In all of these, Mandy narrowly makes it past second base, but when you’ve never kissed a boy and the most explicit sex scene you’ve ever seen is the one from Titanic, they seem like the height of romance. This was especially true for How to Deal, which in addition to the dam makeout included a montage where Halley and Macon go to an all-night Star Wars marathon, then play with lightsabers on the street. Even now, when I am 29 and unable to stay up past 11 p.m. without the aid of caffeine, this sounds like the greatest date I could ever imagine.

Critics were not kind to How to Deal when it came out, calling it “a hopelessly shallow soap opera” and “the worst episode of Gilmore Girls ever.” I’ve never seen Gilmore Girls so I can’t speak to that point (don’t @ me), but I can say that the teen pregnancy storyline seemed trite even to 16-year-old me, as did the use of “Do You Realize?” to soundtrack a funeral.
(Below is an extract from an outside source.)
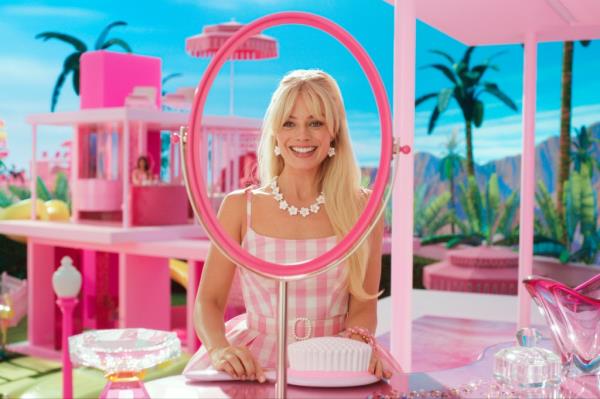 This image released by Warner Bros. Pictures shows Margot Robbie in a scene from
I also remember my friends and I taking offense to the way the movie altered the plots of two of our favorite Sarah Dessen novels, even though How to Deal had the girl ending up with the guy when the book with Macon in it did not. Still, through some combination of Trent Ford’s man bangs and Mandy Moore’s unimpeachable charm, the movie became one of my favorites and a staple of the sleepover circuit.
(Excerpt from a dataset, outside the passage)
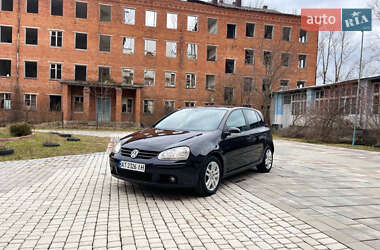 Хетчбек Volkswagen Golf 2007 в Надвірній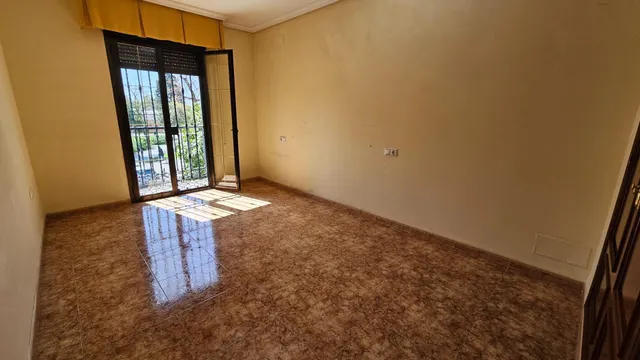 CAÑERO. Amplia Casa con cochera privada — 24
Mandy Moore hasn’t ever stopped acting, but she’s never quite replicated the visibility she had back when she was still a teen idol pursuing a pop career. That could change now that she’s back on TV with the much-buzzed-about NBC drama This Is Us, which is already getting great reviews and promising to make you cry all over your sofa blanket. I am obviously going to watch it to support Mandy, but I’m skeptical that it will affect me anywhere near as deeply as How to Deal did, because nothing ever really has. Romance novels with actual sex? Nope. Actual boyfriend writing a poem for me? LOL, no way, that thing was terrible. But Mandy making out with that guy in front of a stupid dam? You bet.